→ **How to complete this task**
Which lines run from the one containing "Kızıldeli'den Günümüze Alevilik" through the last line of the records? Copy them exactly, leaving pictures out.

━━━━━ Supplied data

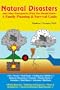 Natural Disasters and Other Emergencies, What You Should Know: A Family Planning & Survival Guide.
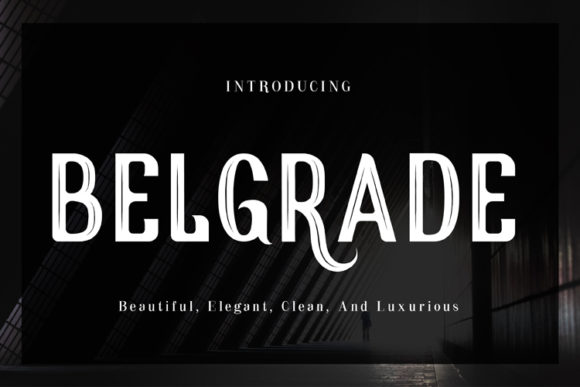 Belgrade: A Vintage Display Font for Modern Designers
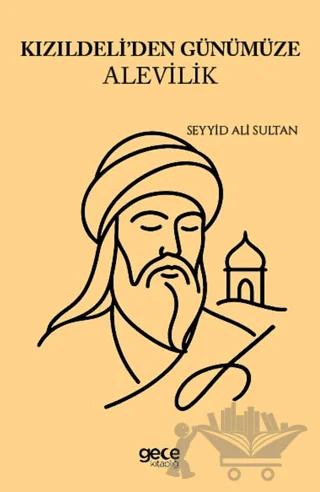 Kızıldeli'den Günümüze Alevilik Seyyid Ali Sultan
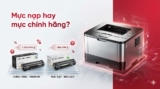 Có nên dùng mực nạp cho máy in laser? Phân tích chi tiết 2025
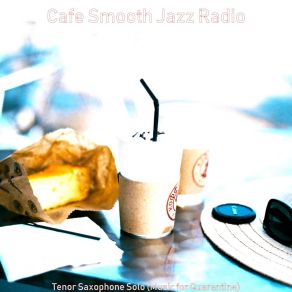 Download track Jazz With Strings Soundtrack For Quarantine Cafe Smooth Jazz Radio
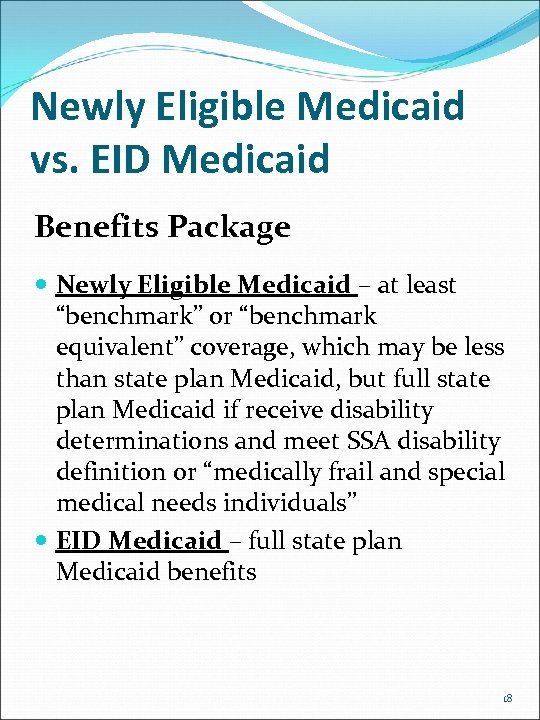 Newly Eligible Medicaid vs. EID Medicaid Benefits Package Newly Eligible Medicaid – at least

━━━━━━━━━━

→ **Output below**
 Kızıldeli'den Günümüze Alevilik Seyyid Ali Sultan
 Có nên dùng mực nạp cho máy in laser? Phân tích chi tiết 2025
 Download track Jazz With Strings Soundtrack For Quarantine Cafe Smooth Jazz Radio
 Newly Eligible Medicaid vs. EID Medicaid Benefits Package Newly Eligible Medicaid – at least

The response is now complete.